WORK REQUIRED: The answer is a single number: the count of lines in the records below that contain the word "Leather".

MATERIAL FOR THIS EXERCISE:
---+---
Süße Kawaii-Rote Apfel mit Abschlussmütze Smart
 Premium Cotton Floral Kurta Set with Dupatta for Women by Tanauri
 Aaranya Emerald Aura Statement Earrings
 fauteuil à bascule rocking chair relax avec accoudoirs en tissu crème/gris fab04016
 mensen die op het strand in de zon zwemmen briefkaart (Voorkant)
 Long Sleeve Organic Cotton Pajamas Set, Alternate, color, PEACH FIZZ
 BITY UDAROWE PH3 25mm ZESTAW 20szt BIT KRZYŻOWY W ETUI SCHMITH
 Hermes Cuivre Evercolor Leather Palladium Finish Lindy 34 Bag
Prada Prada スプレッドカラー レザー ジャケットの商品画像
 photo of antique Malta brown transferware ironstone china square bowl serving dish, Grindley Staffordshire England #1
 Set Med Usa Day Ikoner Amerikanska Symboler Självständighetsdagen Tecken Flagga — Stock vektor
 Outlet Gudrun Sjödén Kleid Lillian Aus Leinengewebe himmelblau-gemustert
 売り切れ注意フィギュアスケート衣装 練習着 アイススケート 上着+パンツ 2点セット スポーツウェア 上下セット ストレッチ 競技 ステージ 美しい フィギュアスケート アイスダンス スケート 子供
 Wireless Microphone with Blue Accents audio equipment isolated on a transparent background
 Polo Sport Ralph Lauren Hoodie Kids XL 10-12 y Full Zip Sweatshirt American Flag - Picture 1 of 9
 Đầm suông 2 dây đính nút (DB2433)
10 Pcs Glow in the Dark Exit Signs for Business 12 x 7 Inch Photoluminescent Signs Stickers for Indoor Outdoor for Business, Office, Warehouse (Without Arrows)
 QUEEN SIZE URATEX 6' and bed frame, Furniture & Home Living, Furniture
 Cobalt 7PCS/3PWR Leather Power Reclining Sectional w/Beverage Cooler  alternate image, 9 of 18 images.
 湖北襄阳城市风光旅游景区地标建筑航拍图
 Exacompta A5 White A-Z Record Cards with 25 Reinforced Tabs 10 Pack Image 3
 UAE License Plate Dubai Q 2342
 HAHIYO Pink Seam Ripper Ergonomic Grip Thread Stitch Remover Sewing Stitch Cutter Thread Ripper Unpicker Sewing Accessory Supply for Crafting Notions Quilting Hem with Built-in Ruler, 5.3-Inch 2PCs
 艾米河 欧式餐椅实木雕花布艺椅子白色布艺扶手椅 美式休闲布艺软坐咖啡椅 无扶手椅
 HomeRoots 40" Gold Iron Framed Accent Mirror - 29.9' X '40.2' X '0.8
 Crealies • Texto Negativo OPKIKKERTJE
---+---
THE ANSWER: 2